What do the lines say from the one containing "Athleta Everlasting Button" to the end of the records? Restate them word for word, and only those.

Collection entries
________________

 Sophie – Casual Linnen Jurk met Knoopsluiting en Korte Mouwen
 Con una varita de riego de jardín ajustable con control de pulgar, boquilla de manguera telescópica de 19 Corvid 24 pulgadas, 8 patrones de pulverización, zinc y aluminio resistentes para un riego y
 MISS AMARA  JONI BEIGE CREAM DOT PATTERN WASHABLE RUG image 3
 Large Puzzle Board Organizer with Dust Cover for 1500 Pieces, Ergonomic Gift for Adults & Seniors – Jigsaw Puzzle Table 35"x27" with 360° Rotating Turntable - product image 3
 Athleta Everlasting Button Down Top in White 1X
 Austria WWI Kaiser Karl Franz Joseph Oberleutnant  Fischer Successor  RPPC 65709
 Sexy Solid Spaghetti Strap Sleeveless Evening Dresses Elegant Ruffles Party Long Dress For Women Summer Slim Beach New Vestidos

________________

RESULT FOR THIS TASK:
 Athleta Everlasting Button Down Top in White 1X
 Austria WWI Kaiser Karl Franz Joseph Oberleutnant  Fischer Successor  RPPC 65709
 Sexy Solid Spaghetti Strap Sleeveless Evening Dresses Elegant Ruffles Party Long Dress For Women Summer Slim Beach New Vestidos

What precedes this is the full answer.